SOURCE (photo
: Un homme debout, écrit et mis en scène par Jean-Michel Van den
Eeyden, retrace les années de prison et d’isolement de Jean-Marc Mahy
qui interprète son propre rôle, Leslie Artamonow/Théâtre de l’Ancre)
Propos recueillis par Emilie Tôn, publié le
Propos recueillis par Emilie Tôn, publié le
Jean-Marc Mahy est encore adolescent lorsqu’il plonge dans l’univers carcéral. Condamné à perpétuité pour le meurtre de deux personnes, il passe dix-neuf années derrière les barreaux dont trois en isolement au Luxembourg. De ces trois années, il en sort transformé. Il raconte.
Jean-Marc Mahy n’a que 17 ans et demi
lorsqu’il est condamné pour un vol avec violence, coups et blessures
volontaires ayant entraîné la mort sans intention de la donner. Il entre
en prison en décembre 1984 et s’évade deux ans plus tard, avant de se
faire arrêter une nouvelle fois, pendant sa cavale, au Luxembourg. Cette
fois, il prend la perpétuité et est emprisonné dans le grand-duché
-dont trois ans en isolement- jusqu’en 1992, puis en Belgique jusqu’en
2003.
Depuis sa sortie de prison, Jean-Marc milite en faveur de l’abolition des cellules d’isolement.

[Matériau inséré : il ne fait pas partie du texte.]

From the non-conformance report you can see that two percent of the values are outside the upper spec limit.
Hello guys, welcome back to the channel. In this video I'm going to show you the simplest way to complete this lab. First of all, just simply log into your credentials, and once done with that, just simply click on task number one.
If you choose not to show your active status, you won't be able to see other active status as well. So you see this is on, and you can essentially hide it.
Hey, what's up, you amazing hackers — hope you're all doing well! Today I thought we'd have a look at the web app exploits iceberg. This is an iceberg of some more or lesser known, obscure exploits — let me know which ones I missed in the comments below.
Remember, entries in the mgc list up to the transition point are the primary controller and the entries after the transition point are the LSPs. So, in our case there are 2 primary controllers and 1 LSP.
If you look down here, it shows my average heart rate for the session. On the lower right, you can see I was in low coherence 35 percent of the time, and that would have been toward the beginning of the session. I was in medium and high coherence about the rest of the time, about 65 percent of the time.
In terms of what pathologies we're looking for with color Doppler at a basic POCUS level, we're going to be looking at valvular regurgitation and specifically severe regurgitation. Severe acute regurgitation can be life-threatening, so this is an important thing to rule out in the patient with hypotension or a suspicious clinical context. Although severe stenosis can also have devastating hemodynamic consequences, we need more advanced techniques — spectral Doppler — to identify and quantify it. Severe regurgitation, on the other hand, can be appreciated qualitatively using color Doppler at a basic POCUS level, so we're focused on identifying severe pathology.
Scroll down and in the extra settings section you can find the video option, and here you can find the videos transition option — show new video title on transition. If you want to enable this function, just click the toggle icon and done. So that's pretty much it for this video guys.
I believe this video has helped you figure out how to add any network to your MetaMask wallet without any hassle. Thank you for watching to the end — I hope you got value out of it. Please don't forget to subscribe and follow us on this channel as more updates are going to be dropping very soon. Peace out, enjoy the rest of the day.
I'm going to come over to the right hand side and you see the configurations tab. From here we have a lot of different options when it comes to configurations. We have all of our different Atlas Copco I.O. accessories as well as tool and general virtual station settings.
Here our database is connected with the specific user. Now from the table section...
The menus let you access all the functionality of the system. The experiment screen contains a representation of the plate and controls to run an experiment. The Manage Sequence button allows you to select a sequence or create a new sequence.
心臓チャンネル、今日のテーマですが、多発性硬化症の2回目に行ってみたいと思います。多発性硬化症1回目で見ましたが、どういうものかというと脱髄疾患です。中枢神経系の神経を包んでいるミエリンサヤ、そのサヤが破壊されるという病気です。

Educateur, comédien et défenseur des droits de l’homme, il revient sur
son expérience, sa reconstruction et tente de tirer des leçons du passé.
“Trouver de tout, sauf de l’aide”
Quand je suis arrivé à la prison de Schrassig (à
quelques kilomètres de la ville de Luxembourg, NDLR), j’ai bien senti
que l’évasion et les coups que j’avais portés au gardien pour m’enfuir
n’étaient pas oubliés. A ce moment, je ne savais pas encore que j’avais
tué un gendarme. Escorté par six surveillants à travers un dédale de
couloirs, je suis amené dans “le bloc E”. Les fouilles se multiplient.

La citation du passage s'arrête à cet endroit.